**ABOUT THIS EXERCISE**
Transcribe the lines exactly, beginning with the one that contains "lime orbit peridot ring" and ending with the final line of the records. Do not transcribe pictures.

-------- INFORMATION GIVEN --------

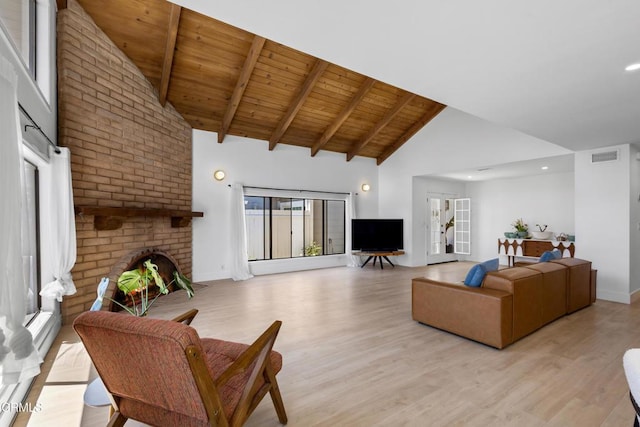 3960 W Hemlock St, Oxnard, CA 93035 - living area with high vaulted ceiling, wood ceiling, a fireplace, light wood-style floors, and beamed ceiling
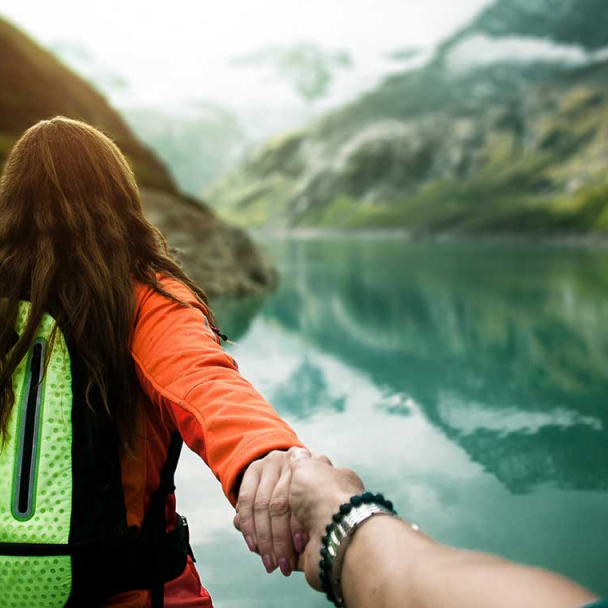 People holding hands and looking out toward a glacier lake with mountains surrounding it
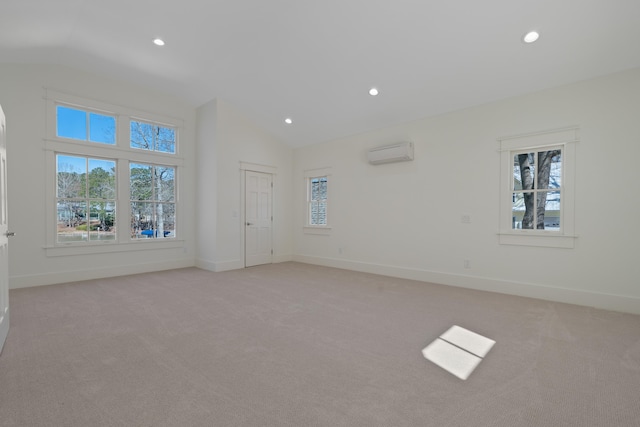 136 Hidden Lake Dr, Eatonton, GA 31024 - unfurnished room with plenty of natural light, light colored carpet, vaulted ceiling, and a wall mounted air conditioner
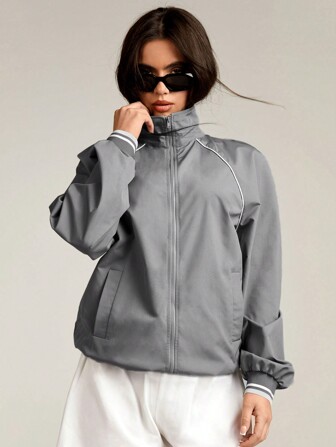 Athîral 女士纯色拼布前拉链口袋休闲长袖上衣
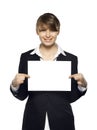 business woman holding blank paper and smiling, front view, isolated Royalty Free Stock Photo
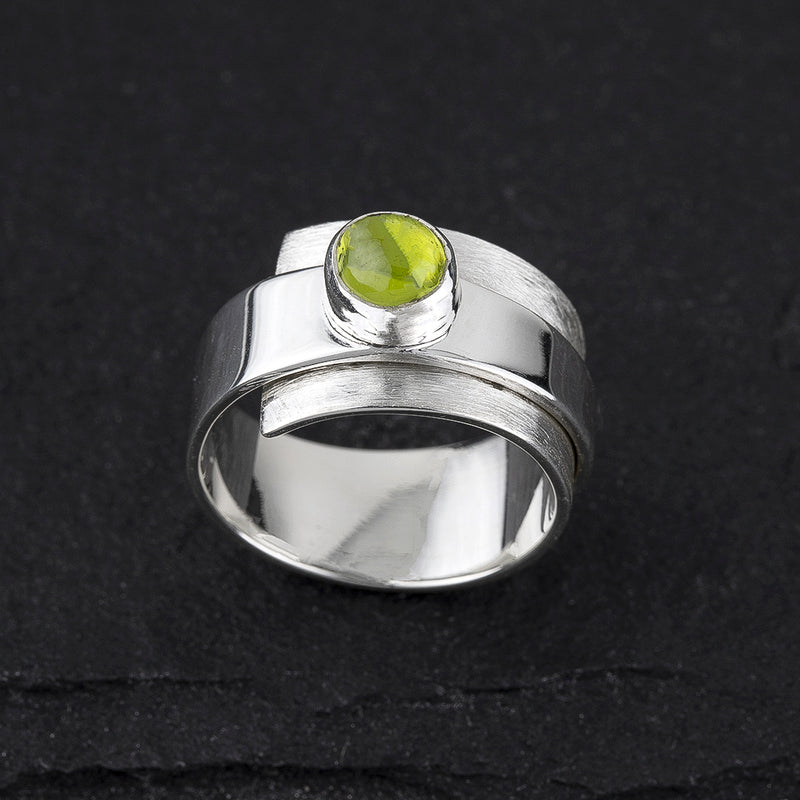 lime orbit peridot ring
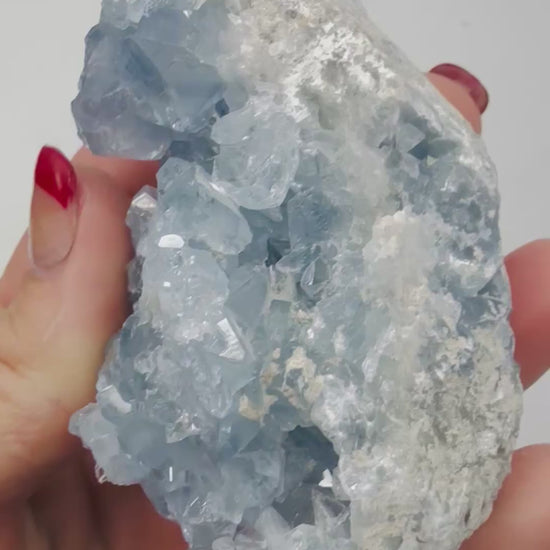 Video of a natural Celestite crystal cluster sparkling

--------

**SOLUTION TO THE EXERCISE**
 lime orbit peridot ring
 Video of a natural Celestite crystal cluster sparkling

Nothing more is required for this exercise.